Material to process
▬▬▬

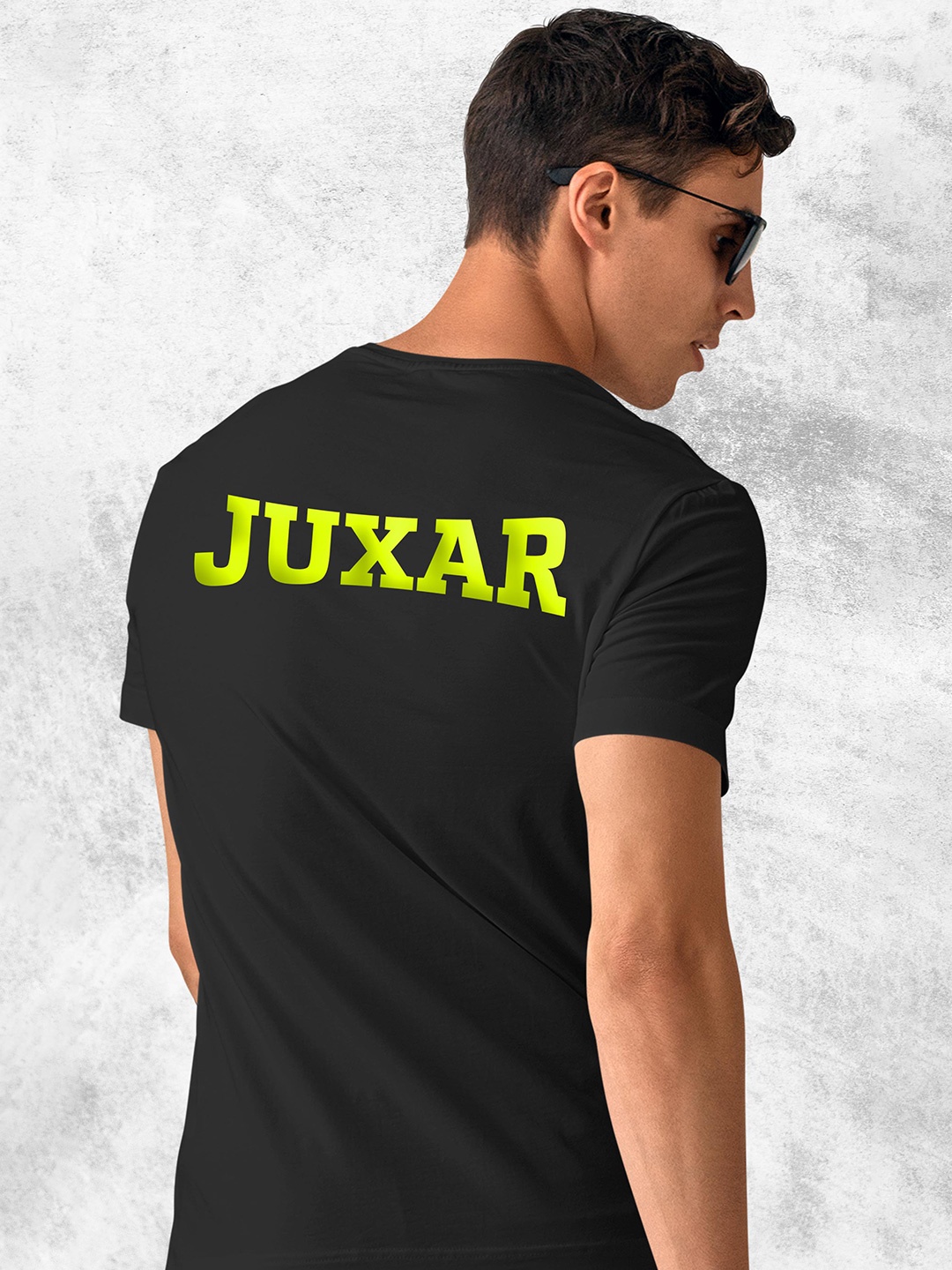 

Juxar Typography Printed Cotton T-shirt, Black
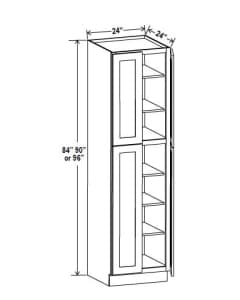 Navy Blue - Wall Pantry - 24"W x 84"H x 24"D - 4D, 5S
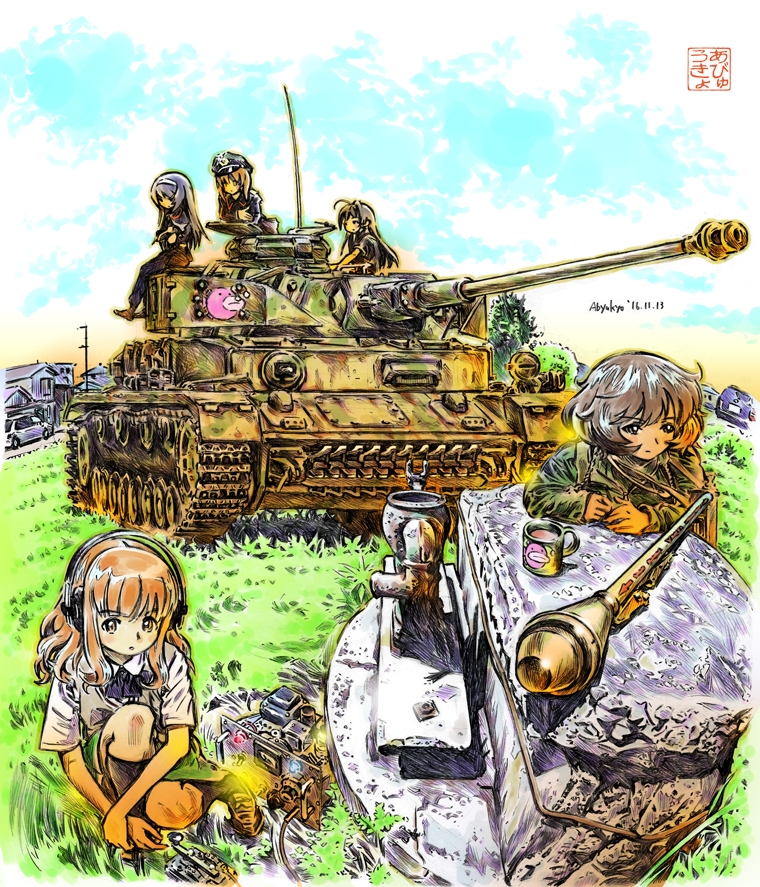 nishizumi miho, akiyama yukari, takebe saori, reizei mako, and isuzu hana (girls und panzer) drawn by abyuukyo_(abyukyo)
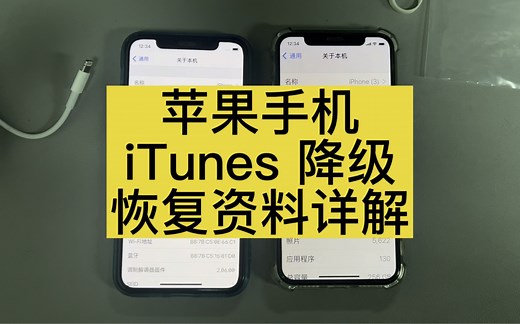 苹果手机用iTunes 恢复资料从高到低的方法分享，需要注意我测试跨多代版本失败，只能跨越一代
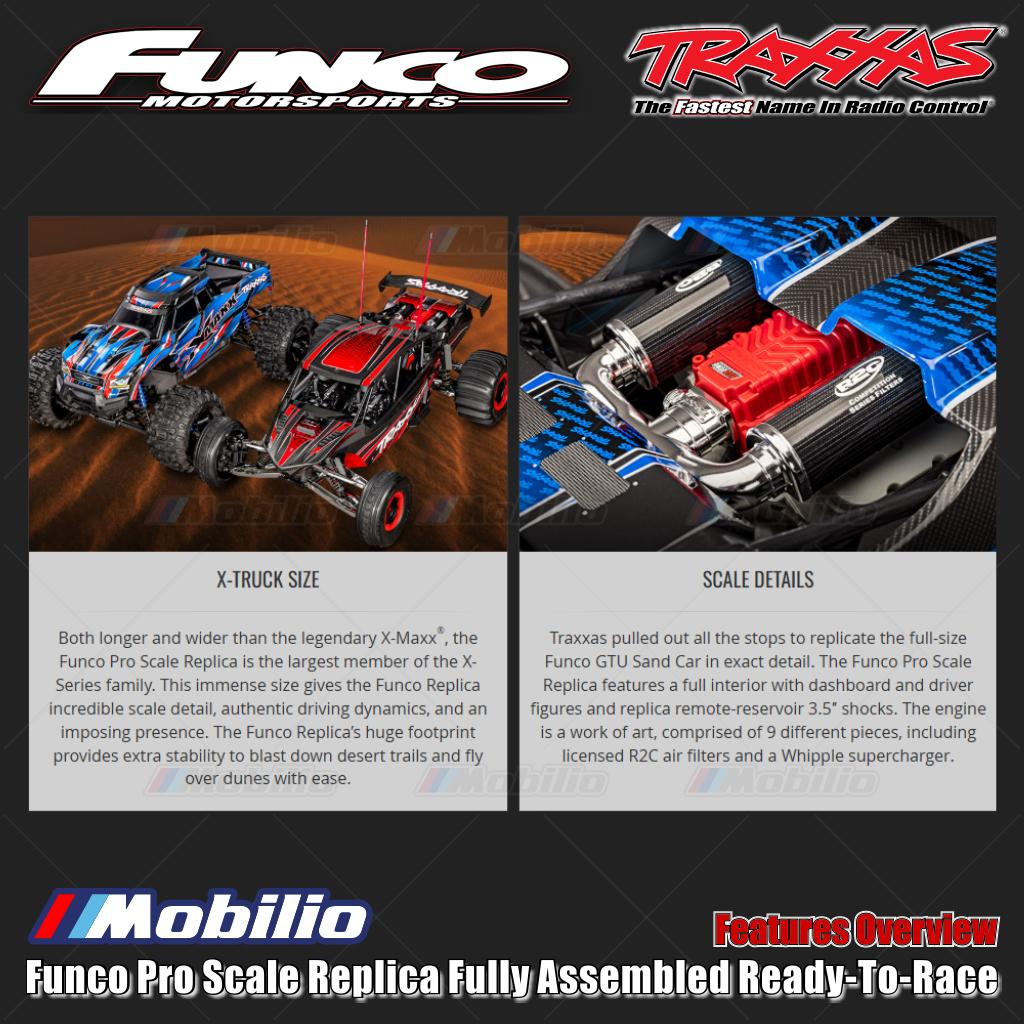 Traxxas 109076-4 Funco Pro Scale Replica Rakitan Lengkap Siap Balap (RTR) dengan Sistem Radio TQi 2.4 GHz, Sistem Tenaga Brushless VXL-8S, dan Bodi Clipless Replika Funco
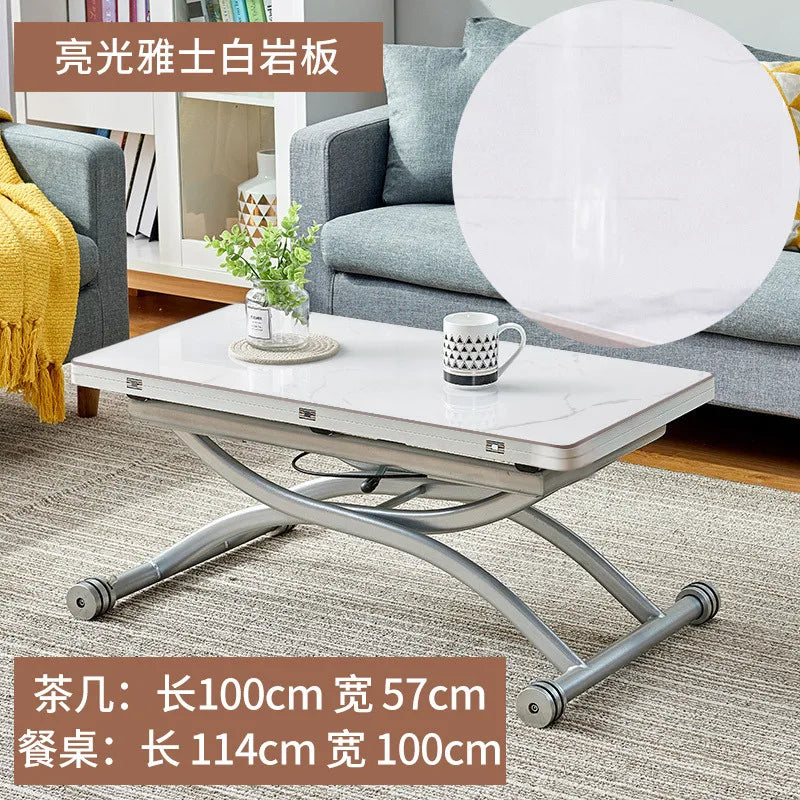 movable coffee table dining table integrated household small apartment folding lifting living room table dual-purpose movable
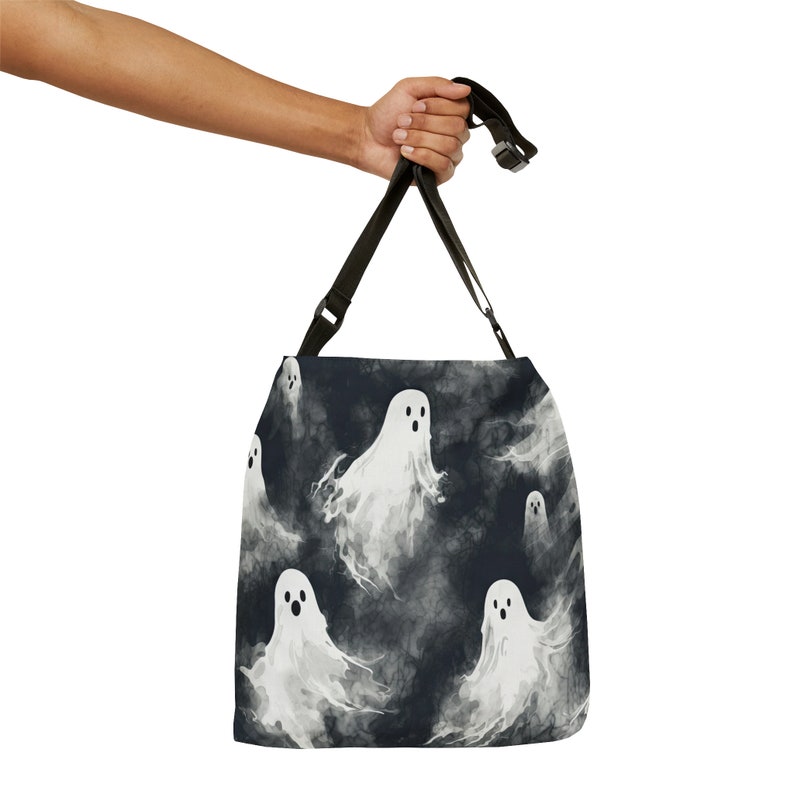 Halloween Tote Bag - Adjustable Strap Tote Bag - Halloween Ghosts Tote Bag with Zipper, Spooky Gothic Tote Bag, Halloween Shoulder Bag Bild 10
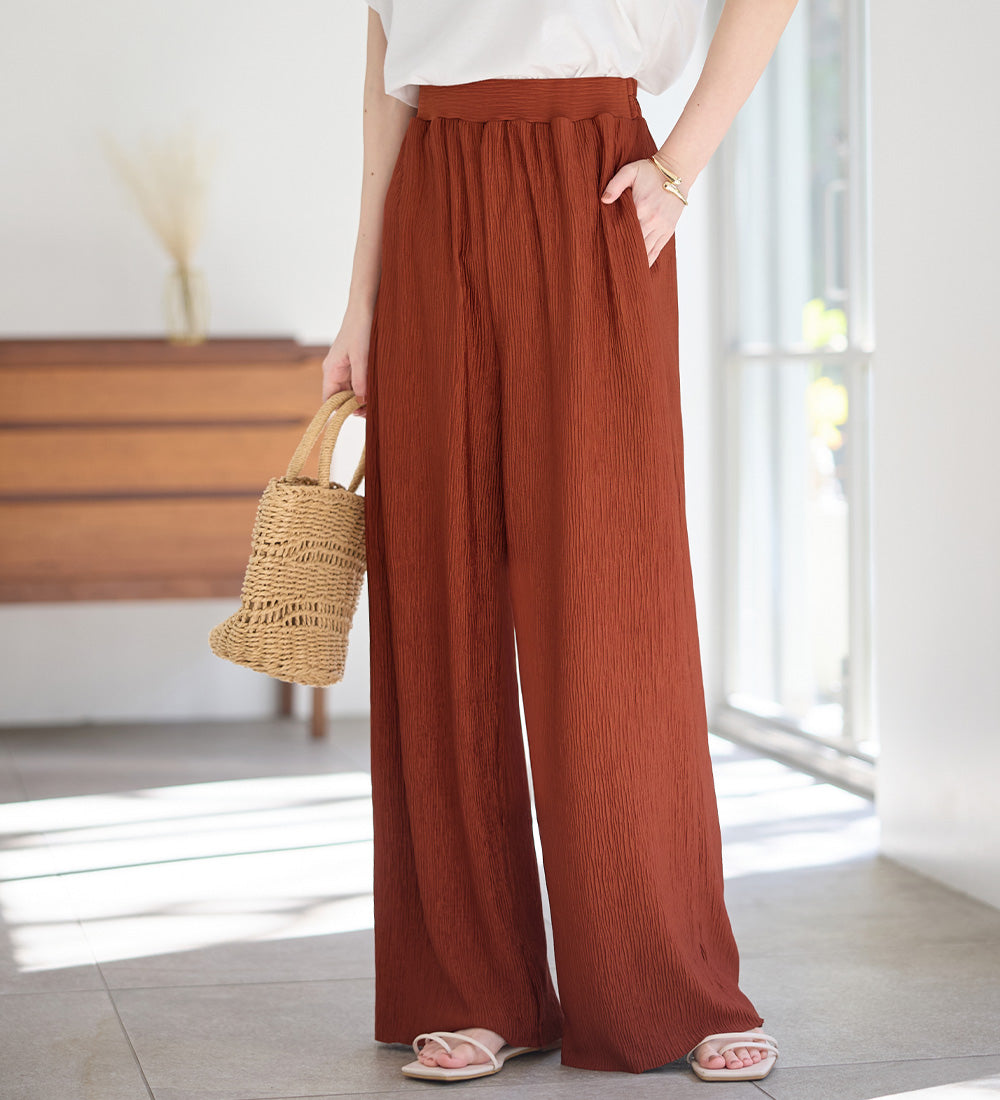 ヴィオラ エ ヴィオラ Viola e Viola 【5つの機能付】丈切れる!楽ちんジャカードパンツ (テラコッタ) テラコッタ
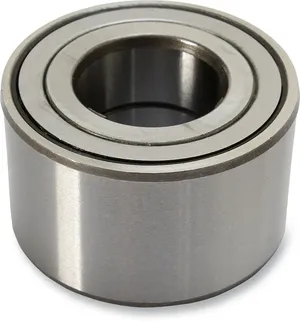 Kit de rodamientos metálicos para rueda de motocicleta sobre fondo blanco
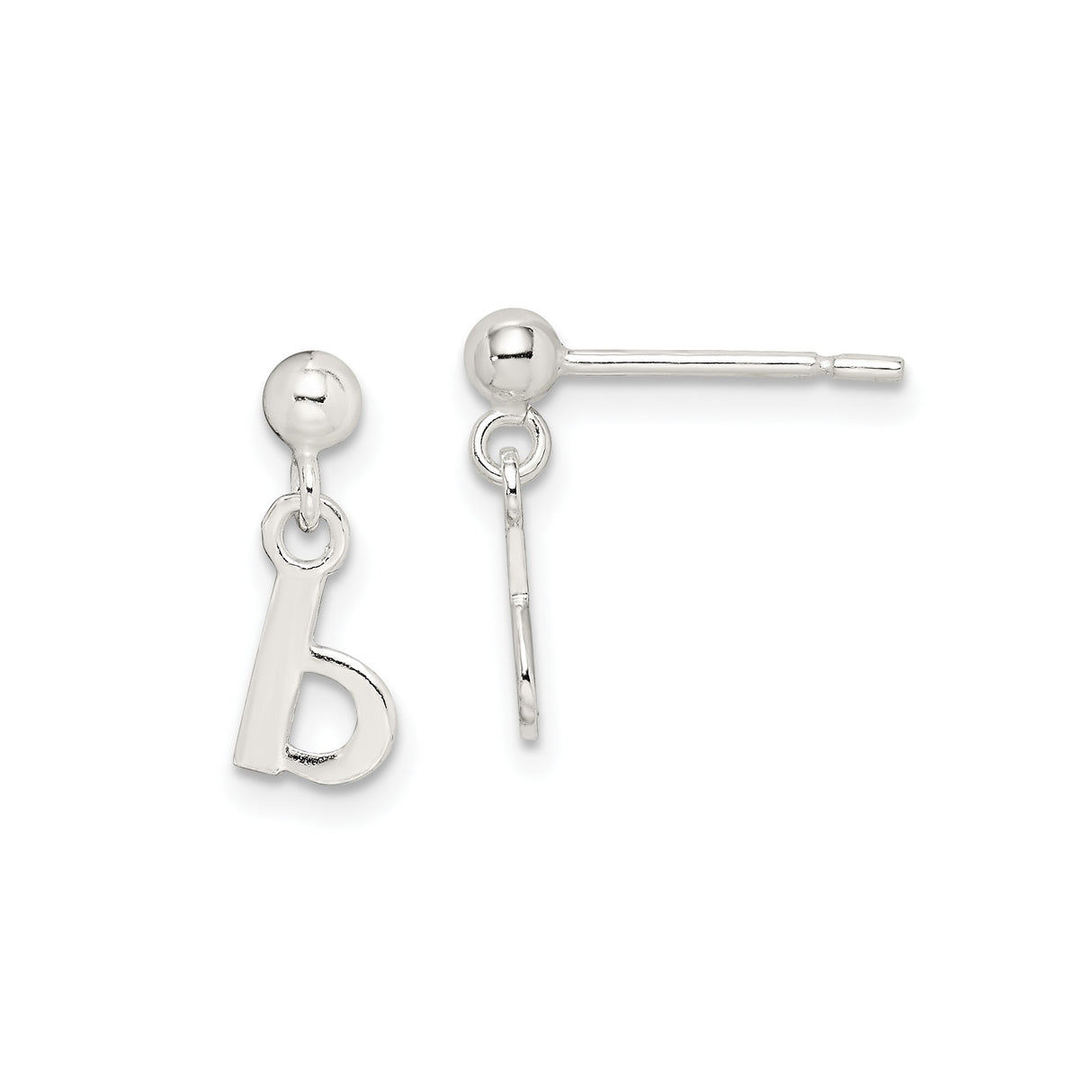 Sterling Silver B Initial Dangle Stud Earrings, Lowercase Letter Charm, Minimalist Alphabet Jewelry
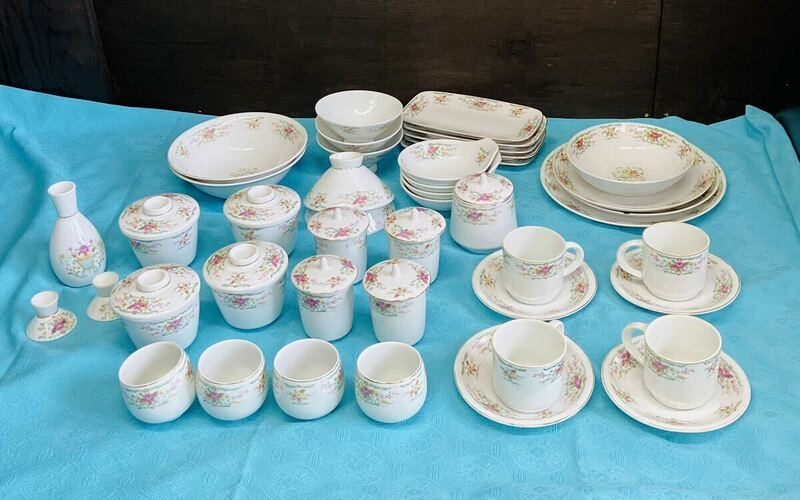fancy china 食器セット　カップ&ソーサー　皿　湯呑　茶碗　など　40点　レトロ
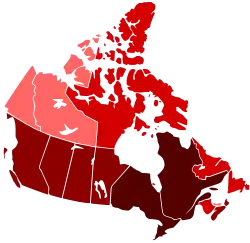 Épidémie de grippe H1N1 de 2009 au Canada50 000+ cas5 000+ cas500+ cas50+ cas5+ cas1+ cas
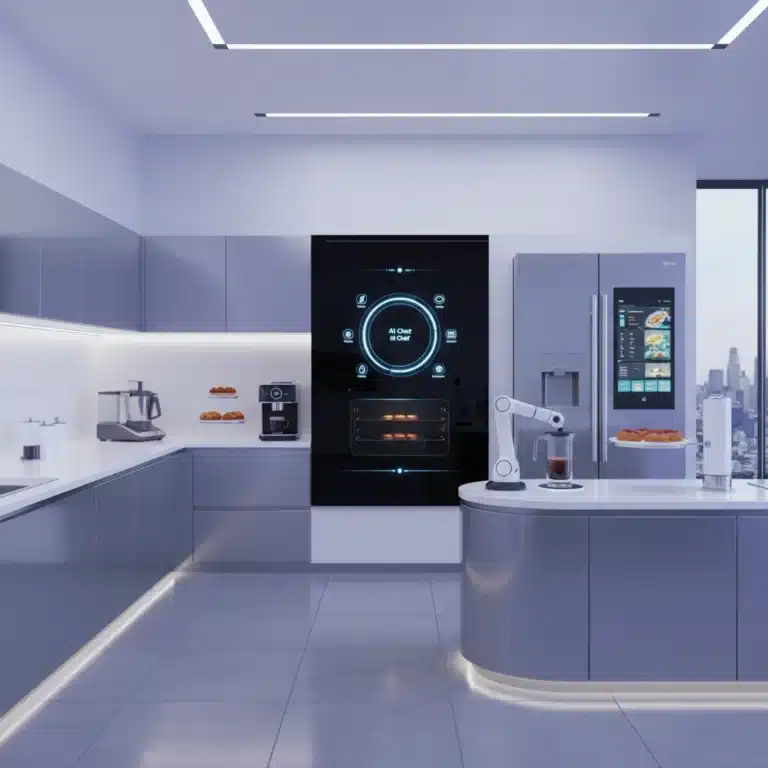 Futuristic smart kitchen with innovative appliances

▬▬▬

Task goal
Starting with the line that contains "Navy Blue - Wall" and ending with the last line of the data above, transcribe exactly those lines and no others, without pictures.

Answer section
 Navy Blue - Wall Pantry - 24"W x 84"H x 24"D - 4D, 5S
 nishizumi miho, akiyama yukari, takebe saori, reizei mako, and isuzu hana (girls und panzer) drawn by abyuukyo_(abyukyo)
 苹果手机用iTunes 恢复资料从高到低的方法分享，需要注意我测试跨多代版本失败，只能跨越一代
 Traxxas 109076-4 Funco Pro Scale Replica Rakitan Lengkap Siap Balap (RTR) dengan Sistem Radio TQi 2.4 GHz, Sistem Tenaga Brushless VXL-8S, dan Bodi Clipless Replika Funco
 movable coffee table dining table integrated household small apartment folding lifting living room table dual-purpose movable
 Halloween Tote Bag - Adjustable Strap Tote Bag - Halloween Ghosts Tote Bag with Zipper, Spooky Gothic Tote Bag, Halloween Shoulder Bag Bild 10
 ヴィオラ エ ヴィオラ Viola e Viola 【5つの機能付】丈切れる!楽ちんジャカードパンツ (テラコッタ) テラコッタ
 Kit de rodamientos metálicos para rueda de motocicleta sobre fondo blanco
 Sterling Silver B Initial Dangle Stud Earrings, Lowercase Letter Charm, Minimalist Alphabet Jewelry
fancy china 食器セット　カップ&ソーサー　皿　湯呑　茶碗　など　40点　レトロ
 Épidémie de grippe H1N1 de 2009 au Canada50 000+ cas5 000+ cas500+ cas50+ cas5+ cas1+ cas
 Futuristic smart kitchen with innovative appliances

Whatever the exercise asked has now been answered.